WORK INSTRUCTION:
Set down each line from the line holding "Stanley Tylon Measuring Tape 26'" to the last line of the entries below, exactly, with both ends included and without pictures.

Recorded data:
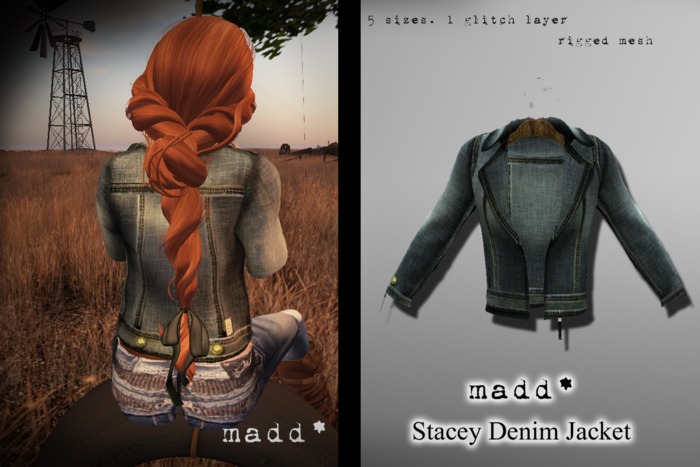Madd* Stacey Denim Earth
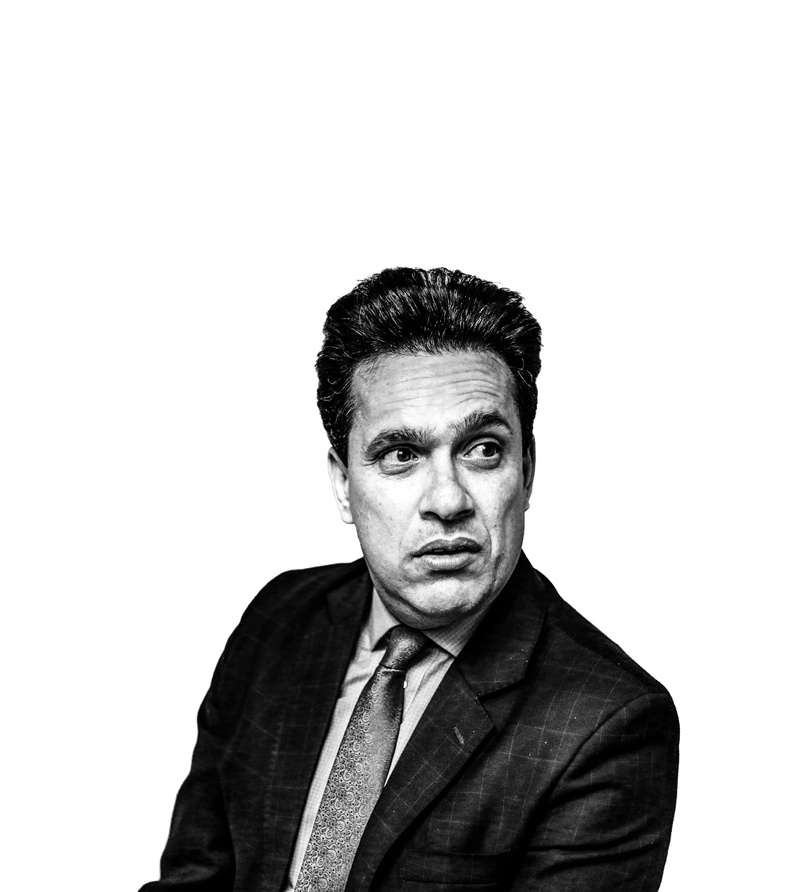 studio shot, portrait, indoors, copy space, sentimental, eyebrow, cut out, haircut, white background, são paulo, males, formalwear, one person, mid adult men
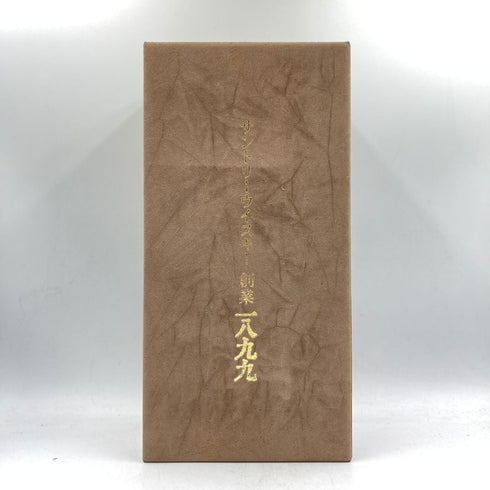 東京都限定◆サントリー ウイスキー 創業 一八九九 1899 特級 760ml 43% SUNTORY 【G4】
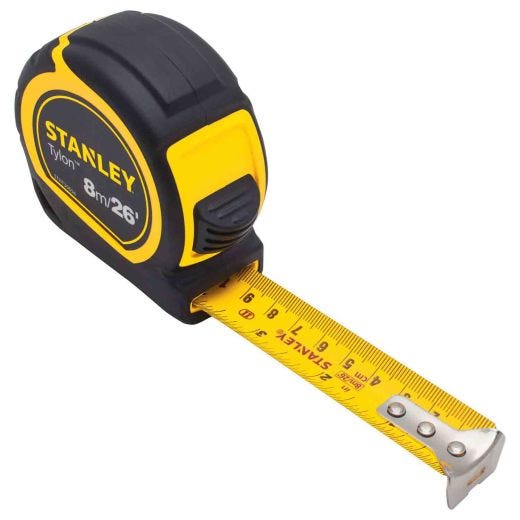 Stanley Tylon Measuring Tape 26'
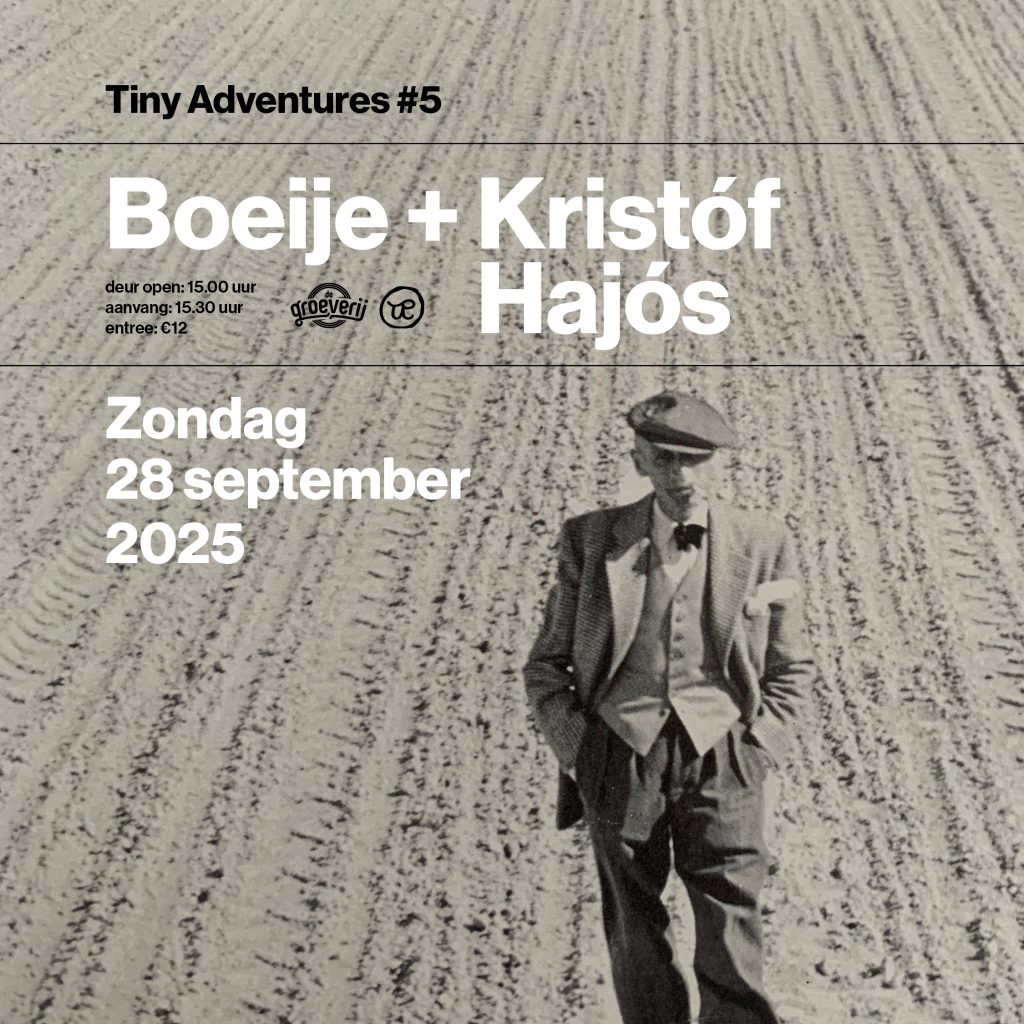 Zo. 28 sep: Tiny Adventures #5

EXERCISE ANSWER:
 Stanley Tylon Measuring Tape 26'
 Zo. 28 sep: Tiny Adventures #5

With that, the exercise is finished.